Task statement: Exclude pictures; retype the lines below from the line containing "DADAWEN Women's Slingback" through the end of the records, both ends kept.

┌─ Exercise data

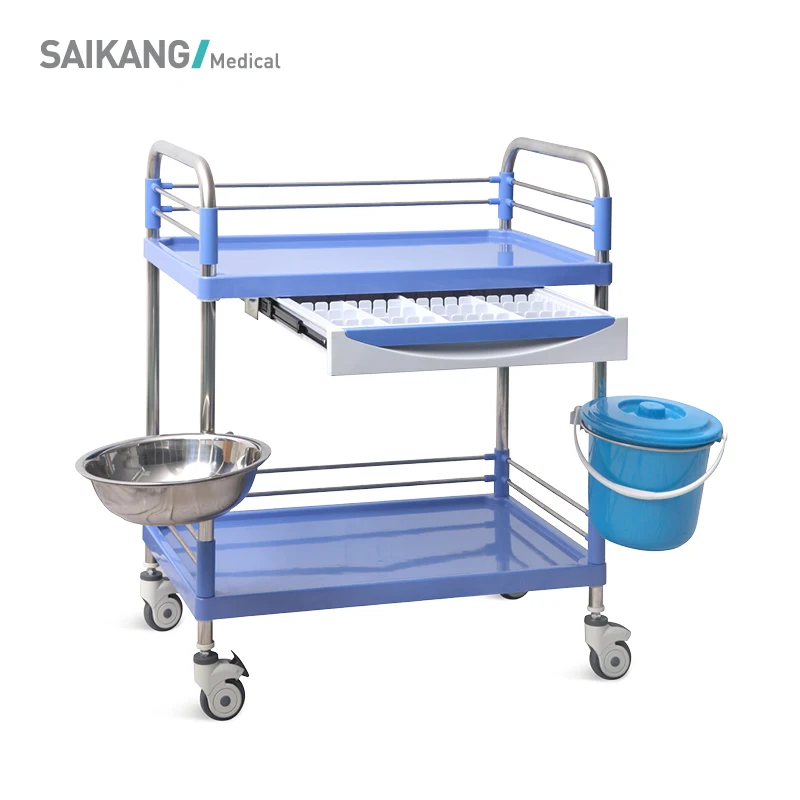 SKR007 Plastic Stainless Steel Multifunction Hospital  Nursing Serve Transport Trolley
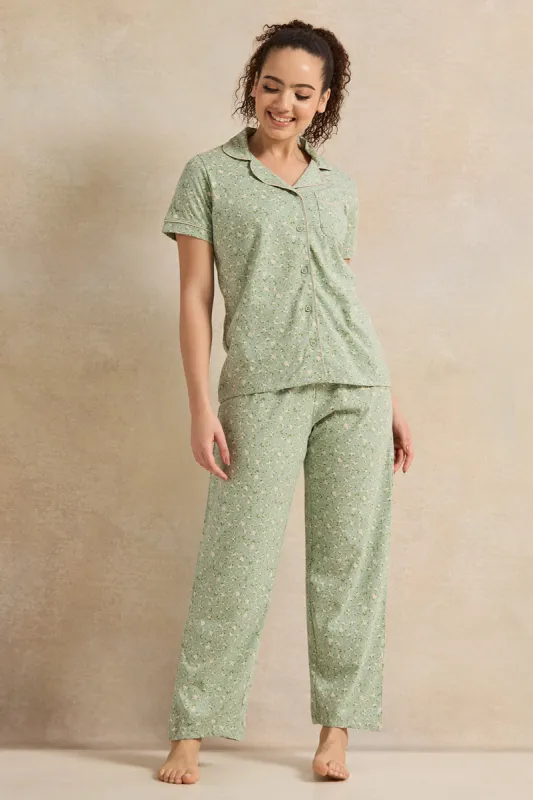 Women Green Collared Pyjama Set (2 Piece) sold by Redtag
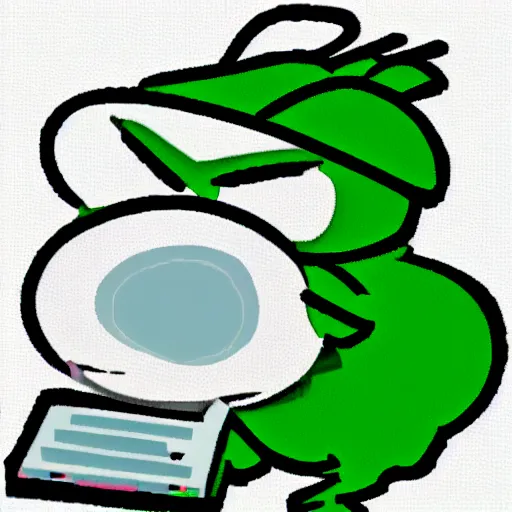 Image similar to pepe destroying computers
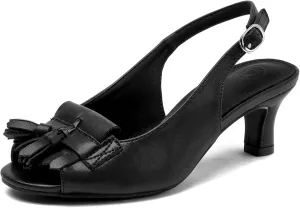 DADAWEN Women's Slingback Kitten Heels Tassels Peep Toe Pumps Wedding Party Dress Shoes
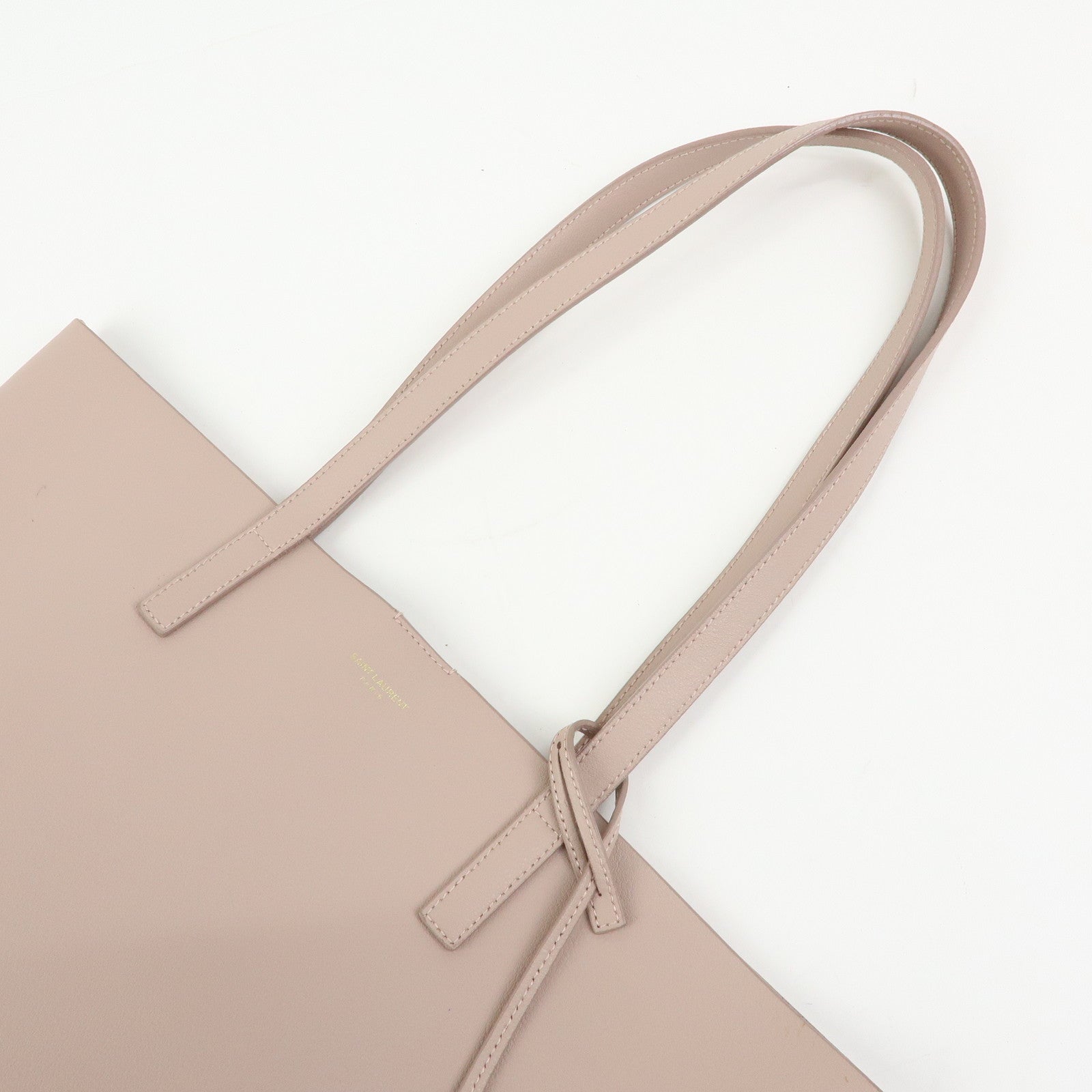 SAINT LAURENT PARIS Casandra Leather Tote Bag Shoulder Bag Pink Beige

└─

Final answer:
 DADAWEN Women's Slingback Kitten Heels Tassels Peep Toe Pumps Wedding Party Dress Shoes
 SAINT LAURENT PARIS Casandra Leather Tote Bag Shoulder Bag Pink Beige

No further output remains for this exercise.